We’re a video streaming platform (e.g. FlixNet). A video has separate audio files in different languages and also subtitles for each audio file. We get the subtitles from the vendor as a plain text. Using AI we convert that plain text into JSON. Each items in it represents a time frame (start, end in seconds from the start of the audio file) and the subtitle itself. Here is an example:
“Lorem ipsum dolor sit amet, consectetur adipiscing elit. Nam id
consectetur tellus, a malesuada lacus. Donec dignissim ornare
fringilla. Integer sed lorem vel mi dictum tempus vel et lorem. Sed
aliquam volutpat sem. Cras quam nulla, laoreet vitae leo cursus,
laoreet facilisis sapien. Aliquam vitae”
{
"transcription": [
{
"start": 3,
"end": 5,
"text": "Lorem ipsum dolor sit amet,"
},
{
"start": 6,
"end": 7,
"text": "consectetur adipiscing elit."
},
{
"start": 8,
"end": 10,
"text": "Nam id consectetur tellus, a malesuada lacus."
},
{
"start": 15,
"end": 17,
"text": "Donec dignissim ornare fringilla."
},
{
"start": 19,
"end": 22,
"text": "Integer sed lorem vel mi dictum tempus vel et lorem."
},
{
"start": 23,
"end": 24,
"text": "Sed aliquam volutpat sem. Cras quam nulla,"
},
{
"start": 25,
"end": 26,
"text": "laoreet vitae leo cursus, laoreet"
},
{
"start": 29,
"end": 30,
"text": "facilisis sapien. Aliquam vitae"
}
]
}
Time frames have different length and may have gaps when no one is talking. I don’t know the pattern by which AI chops text into JSON.
The issues:
vendor my sends us updated subtitles.

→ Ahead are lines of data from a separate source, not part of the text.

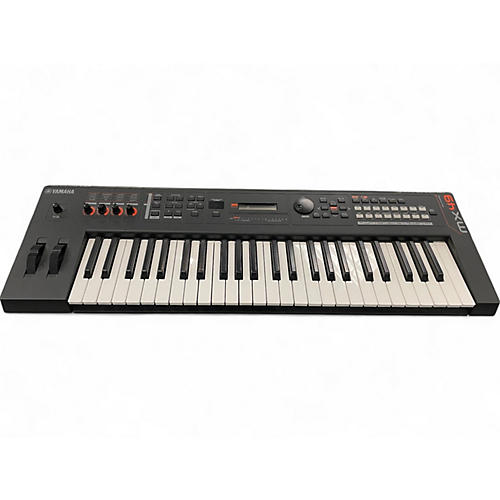 Used Yamaha MX49 49 Key Keyboard Workstation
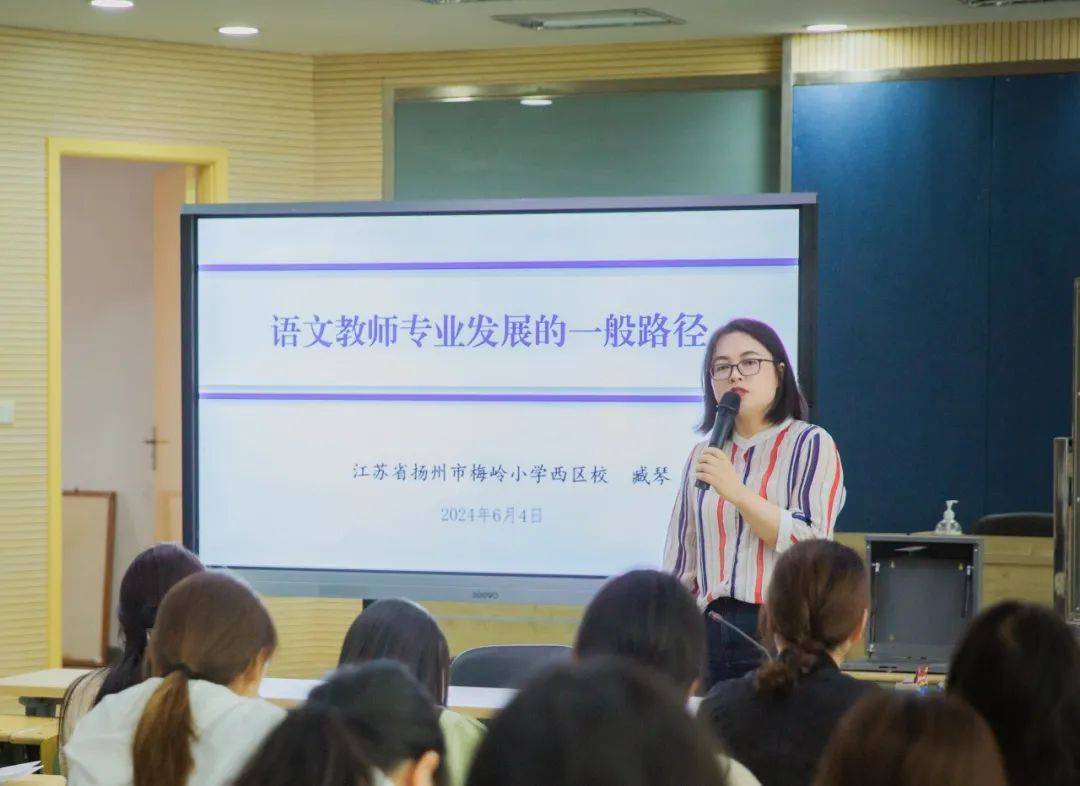 赠书总结最后,臧琴副校长向工作坊所有成员赠送《与一线老师谈科研》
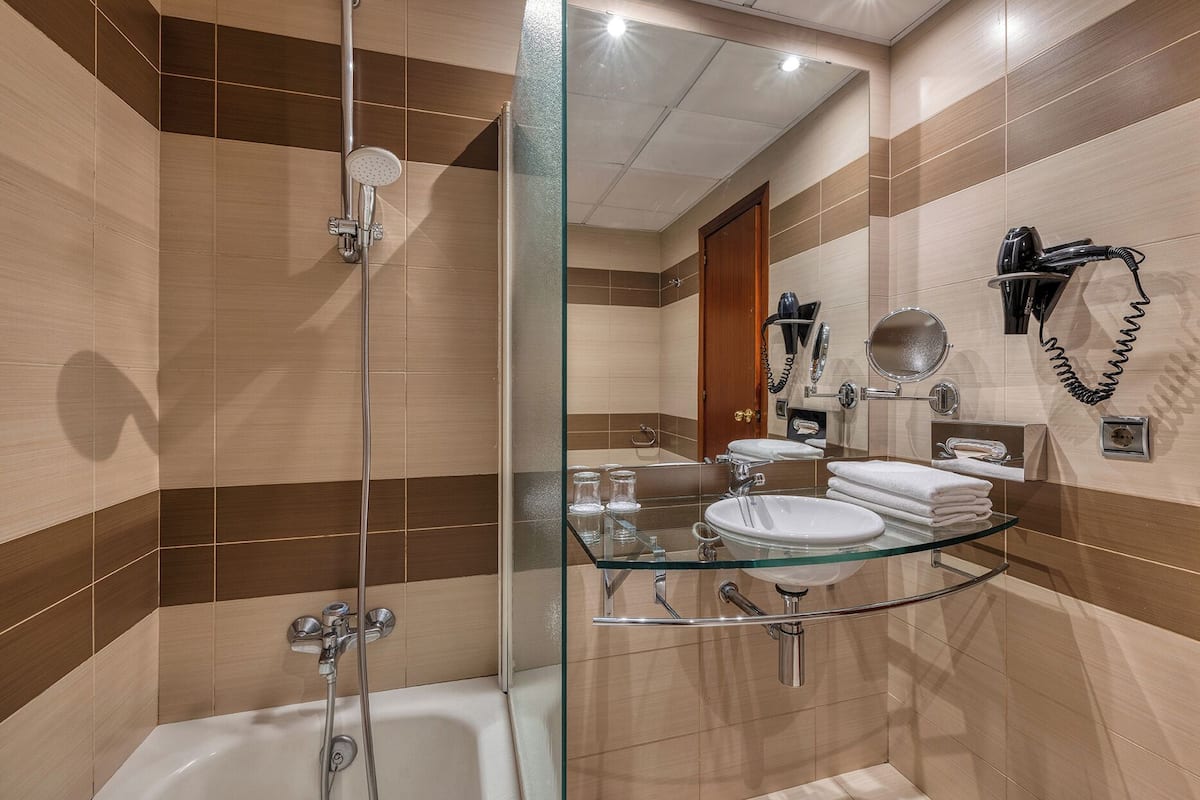 triple room | bathroom | combined shower/bathtub, eco-friendly toiletries, hair dryer, bidet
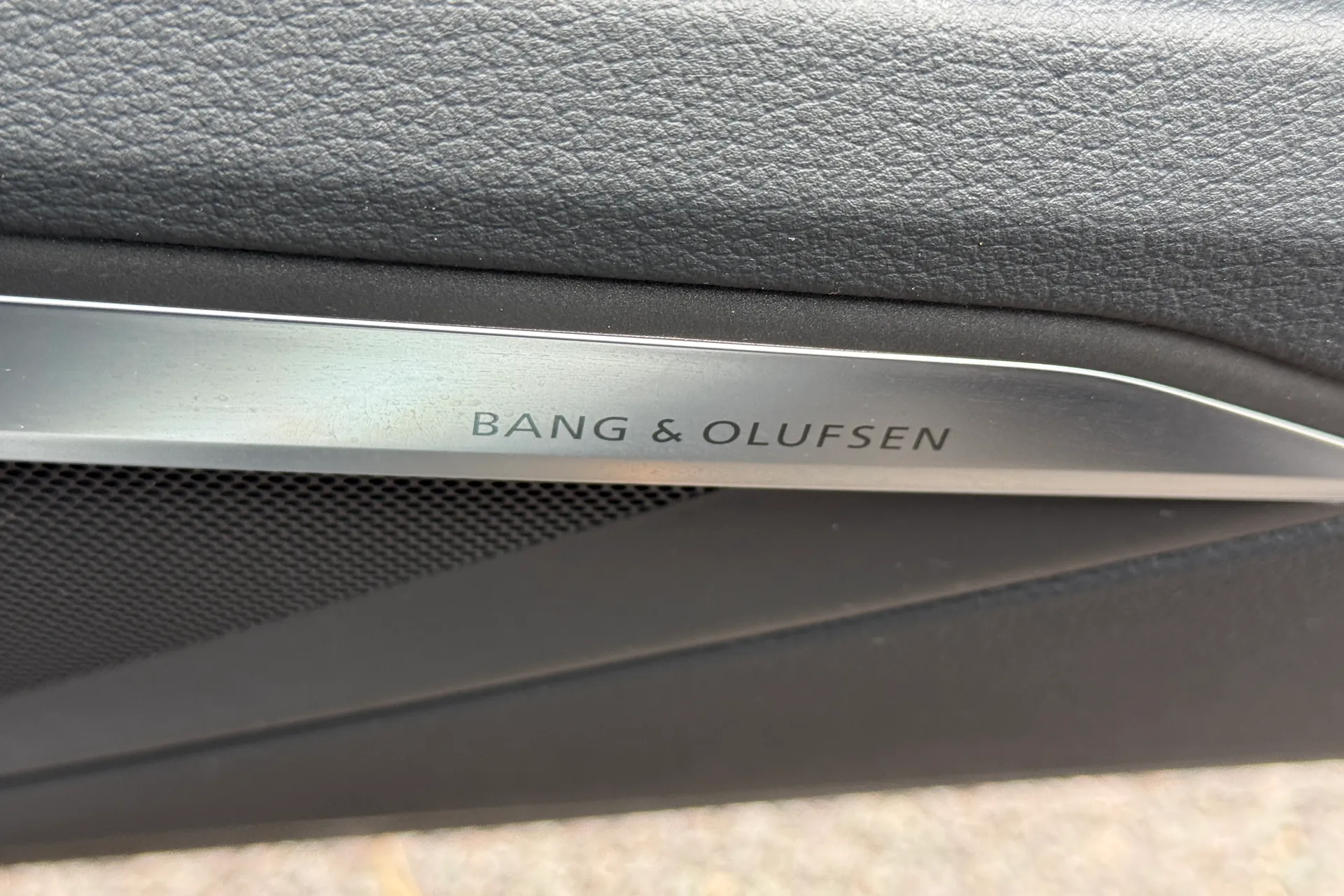 Audi Q8 thumbnail image number 29
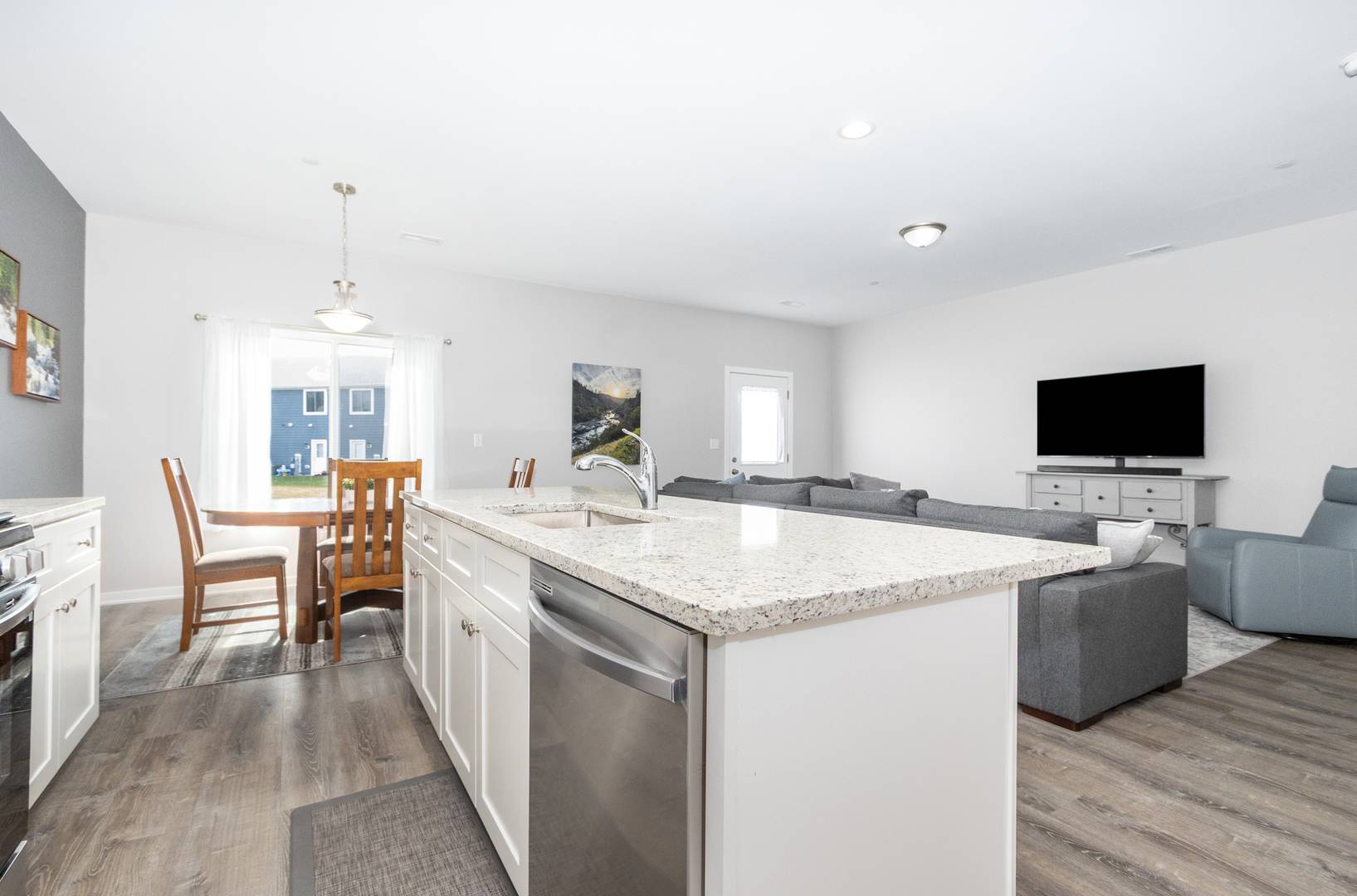 1035 Gillespie LN, Yorkville, IL 60560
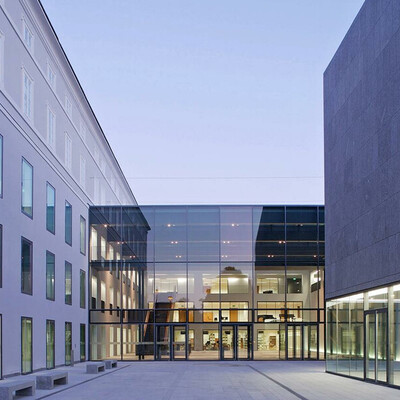 UNIVERSITÄT MOZARTEUM SALZBURG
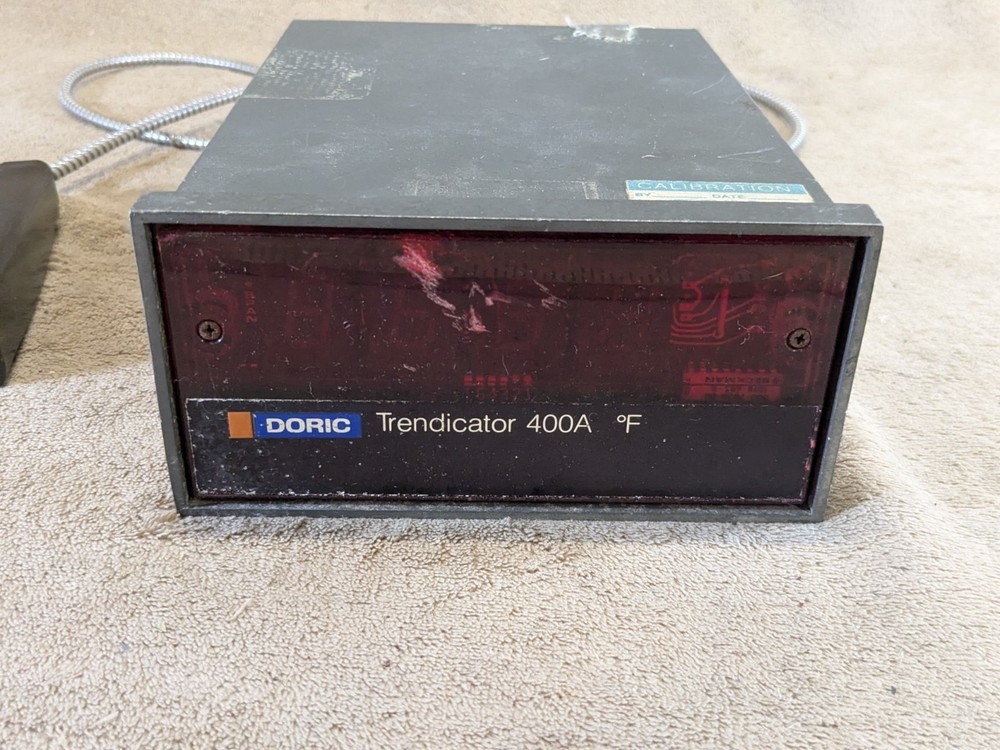 Doric Trendicator 400A Digital Temperature Indicator USED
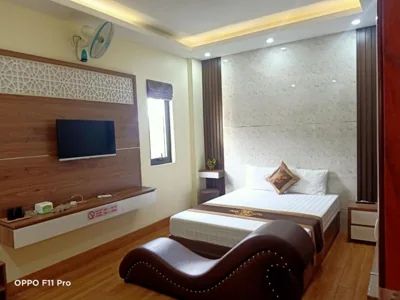 Double Room — Ngọc Tùng Hotel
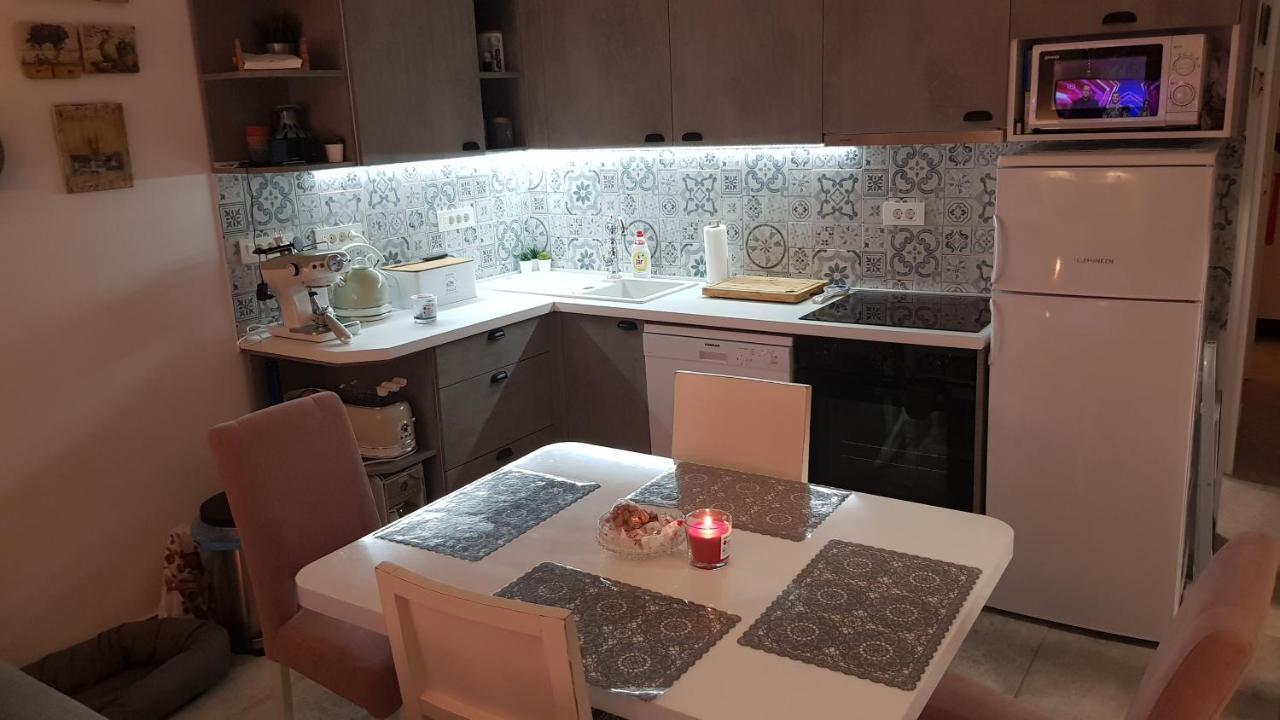 Kuca Za Odmor Jelena Villa Starigrad Paklenica Buitenkant foto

For example: changed translation, fixed typos or removed entire paragraph because it’s rasist or 18+.
We’re using PHP 7.2. I need to write some php script that can identify the changes and update the subtitle in the JSON without triggering the AI again, because it costs money and sometimes AI hallucinating.